Question

F1 females from a cross of AABBCC to aabbcc were backcrossed to aabbcc males. In the progeny of this cross there were 150 AaBbCc, 145 aabbcc, 55aabbCc, 52 AaBbcc, 31 aaBbcc, 29 AabbCc, 5 Aabbcc and 3 aaBbCc.

Is there evidence of interference?
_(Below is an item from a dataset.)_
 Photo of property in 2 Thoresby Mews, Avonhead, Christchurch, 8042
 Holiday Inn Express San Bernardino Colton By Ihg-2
What is the coefficient of coincidence?

Answer 1

Yes, there is evidence of interference and its value is 0.51

The coefficient of coincidence = 0.49

Explanation:

For the sake of understanding we can divide genotype as chromosome wise.

150 AaBbCc = ABC / abc

145 aabbcc = abc/ abc

55 aabbCc = abC / abc

52 AaBbcc = ABc / abc

31 aaBbcc = aBc / abc

29 AabbCc = AbC / abc

5 Aabbcc = Abc / abc

3 aaBbCc = aBC / abc

Hint: Always recombinant genotypes are smaller than the non-recombinant genotypes.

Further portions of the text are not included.